The Problem domain with Archives // Dave Rice, CUNY TV / Steven, Villereal University of Virginia Library
Rice: “The archive is often an optional last step for media”
Rice: Discuss challenges of adhering to FCC captioning regulations
Title IX issues, make things accessible to some degree Must scale up and optimize the workflows
Villereal: Same thing, Section 508 compliance, for university libraries. UVa doesn't have an active broadcast workflow but archival video If orgs have tape libraries or working with historic tape, they may have captioning information. Extracting Line 21 data from archival video. Requires thinking about fair use copyright arguments Requires thinking broadly about potentials for “recorded information” CUNY has a microservices open source approach to working with this data OSS here: https://github.com/mediamicroservices/mm Probably when there's a mistake at the beginning and everything needs to be re-done -- so they eventually moved to a place where the captions work is asynchronous to the media. They move independently… and at the end they come back together. Problems with too many captions on one line, bugs causing crashes that eliminate captions for half the content SCC the broadcast format, basically a hex-dump of the captions. Similar to ASCII except one bit is a checksum (rather than first bit being zero). Then they could see every other letter but then garbage for the others… really needed something in a more human-readable format.
Stephen using Avalon media system and WebVTT
Stephen: Undersourced for both of these -- needing to kill two birds with one stone, doing archival description and also transcription AV archives are in a weird place, split between libraries/archives and the broadcast industry. One case being made is that the standards we inherit are things like SMPTE, and don't respect our values. Archives can't afford these standards, they aren't open, they rarely have archivists or people don't that work Dave is great for going to IETF to do standardization, because the web is mostly where video gets viewed
Rice: “Steven is always trolling the right people on Twitter” A single vendor can't be used to do all of this work. CUNY uses PopUpArchive and another service more common in broadcast, where an audio line to a human captioner does live transcription and sends back a text stream. It's somehow cheaper to get the real time live transcription than if they do it on their own time. These tools don't do the full work of accessibility. Even though speech to text, there are a lot of things that are not speech that happens and that needs to be communicated too. The whole environment needs to be communicated.
If a show gets played four times a day, they would just end up paying to caption it four times! That’s not a good workflow, should be revised. But maybe will get better with FCC regulations requiring captioning. UVa also experimenting with PopUp Archives. Who is gonna do that work? Can student workers do that work? What’s the best tool to clean that stuff up? Need a survey of what’s out there right now.
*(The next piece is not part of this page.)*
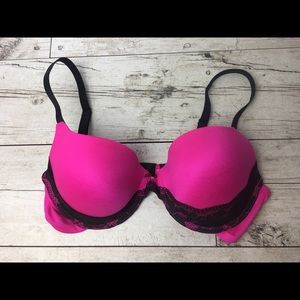 Betsey Johnson Hot Pink Black Lace Bra 36C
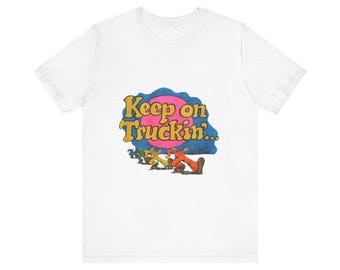 Maglietta con grafica "Keep On Truckin'" / T-shirt con design retrò anni '70.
A couple of emerging professional projects (National Digital Stewardship Residency Program: http://www.digitalpreservation.gov/ndsr/) have involved this and other open source techniques. "Mac Caption"
Timelines matter especially considering accessibility issues
Villereal: Offering the returning of lost Mac Caption dongles as an archival funding source Extract-CC-Bytestream
from Indiana University is a Perl script to do things Question: What is open source software that needs more work to be better? (v rough paraphrase) text output from ffmpeg would be great
Dave got a filter called readeia608 in there and you feed in video, finds the line21 capture information (not always on line 21) and translates it to a hex. For old school analog captioning this can help read it out.